Katayev took very good notes (was the official note-taker at many meetings). Because of his great notes, Hoffman has been able to piece together a lot of new insights on the Soviet weapons programs.

In August 2007, Hoffman met Ksenia Kostrova (26) the granddaughter of Katayev. She was very close to Katayev and became the custodian of his records after his death. Discovered in apartment: family photos, additional documents, 79 floppy disks, and a memoir. From August to December, Kostrova made a mast index and Hoffman photographed all of the paper documents. Copied all the disks and sent entire collection via FTP to Washington immediately. Was able to read 40 of the disks. (Talk about a find for a historian–it’s amazing!) But had problems reading the files. Talked with Kostrova about the procedure to open the files she did when she was 11 years old to decode the files. 19 more of the floppy disks had recoverable data, done by a UK specialist.
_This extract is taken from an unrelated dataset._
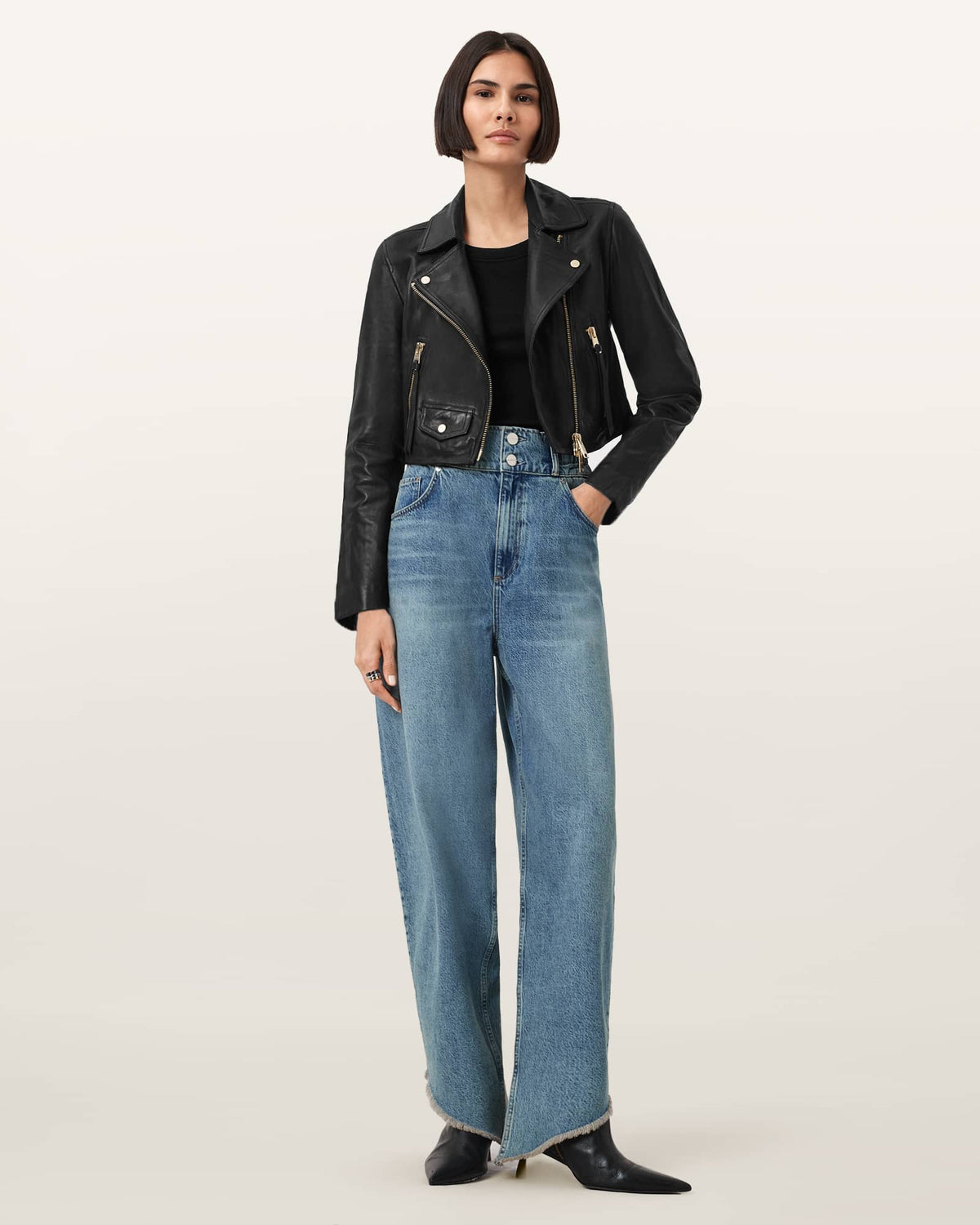 Elora Leather Biker Jacket BLACK/GOLD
Didn’t have to use Russian official archives. Much of the collection is still raw with many documents to be examined. No official Russian government reaction to Hoffman’s book. Hopefully Katayev’s memoir will be published sometime next year.

Take Home Message: Archives are exciting and you can find information that is unique and incredibly important for the understanding of past events and reactions to these events. Many times, you have to do a lot of work and sort through a lot of documents, but it is worth it in the end. Nice work, Mr. Hoffman.